Hand Ntaganda to ICC, DRC told
Kinshasa - A New York-based rights defender on Monday urged the Democratic Republic of Congo to arrest ex-rebel leader Bosco Ntaganda and hand him over for trial at the International Criminal Court (ICC).
"We urge you to give your instructions to your judicial authorities for Ntaganda to be arrested and transferred to the jurisdiction of the ICC," Human Rights Watch wrote in a letter to Congolese President Joseph Kabila.
"Congo is party to the Rome Statute, which established the ICC, and thus has a legal obligation to cooperate with the court, including apprehending persons under arrest warrant and surrendering them to the court," HRW added.

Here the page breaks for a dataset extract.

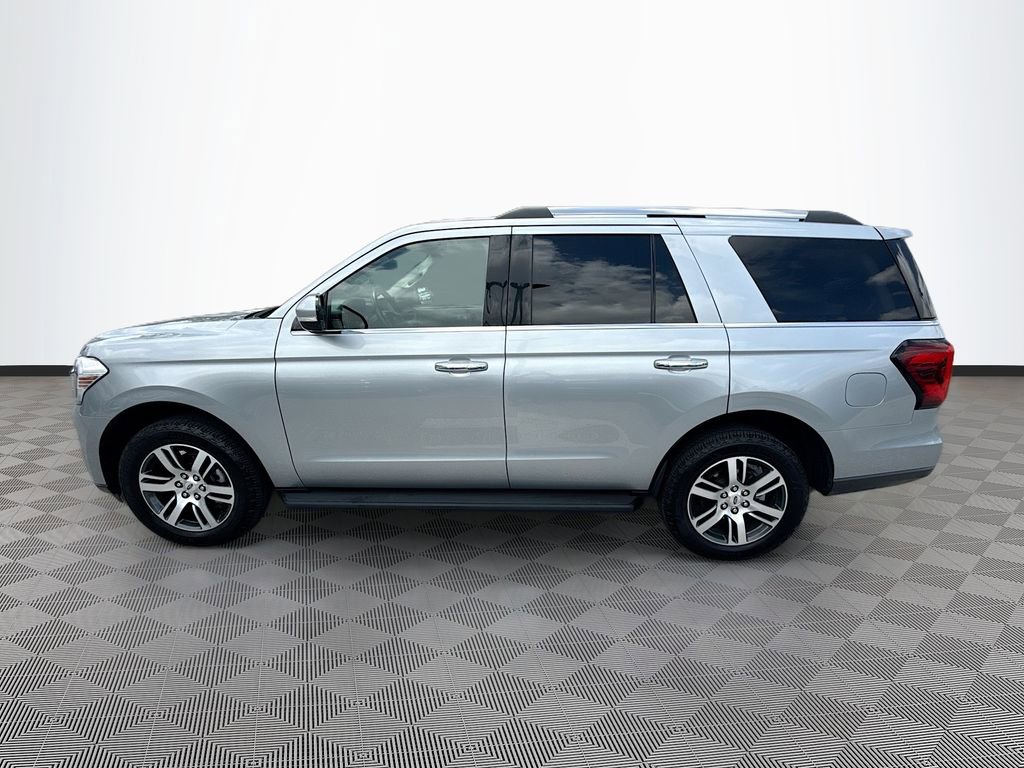 Used 2024 Ford Expedition Limited image 5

Ntaganda, former military commander of the National Congress for the Defence of the People (CNDP) group based in eastern DR Congo, is the subject of an ICC arrest warrant for the alleged recruitment of child soldiers in 2002 and 2003.
Last month Ntaganda said he had overthrown Laurent Nkunda as CNDP leader and later claimed the group had made peace with the Kinshasa government.
He also put his forces at the disposal of a cross-border Congolese and Rwandan effort to oust Rwandan Hutu rebels from Congolese territory.
On Saturday Kabila said he welcomed Ntaganda's support to help create "peace and security" in the country.
But Param-Preet Singh, counsel to the International Justice Programme at HRW, said: "Kabila's government has a legal obligation to arrest Ntaganda, not to promote him.
"Giving an officer accused of such heinous crimes responsibility in military operations increases the likelihood of more attacks on civilians," he added.